I have a mix of sparse vectors and dense vectors. I need to calculate complex products of them.
Sparse vectors have mostly zeros, and I need to ignore the zeros.
One common way to encode sparse vectors is to encode [index, value], for all the nonzero values. It uses 2X memory for all the non-zero elements.
But over 50% non-zero elements, the [index, value] encoding starts using more memory than the dense encoding [0, x1, ... xn] (the plain array).
The question is if there is some intermediate encoding system that automatically adapts to the percentage of zeros, using always less or equal memory than the dense encoding.
I do not want to reinvent the wheel, and this should be a common problem with a lot of solutions, but I don't know where or what to search for.
For calculating the product, I need to rapidly read the vectors, and rapidly create the result of the product, so I searched for compression with random access, but what I found are compression algorithms too slow compared to the [index, value] access time, which take a lot of computing time to create new vectors.

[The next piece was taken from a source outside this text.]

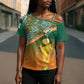 Ivory Coast Football Tribal Patterns Cross Shoulder Shirt WC2026 - African Pride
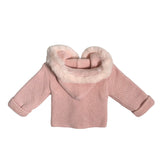 Cappotto Doppiato Tricot Con Cappuccio Con Pelliccia Neonato/a SARDON VE317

If I use compression, ideally, I would rapidly uncompress (decode) the vector into [index, value], make the product, and re-compress [index, value] where index
is different than the indexes on the operands (For more info: indexY= index1 XOR index2, so the sorting of the product is different than on the operands).
I think that I need to compress only the positions, not the values of the arrays.
But I hope that there is already a common method for just doing something intermediate between [index, value] and a plain 1D array. I just don't know what keywords I need to search.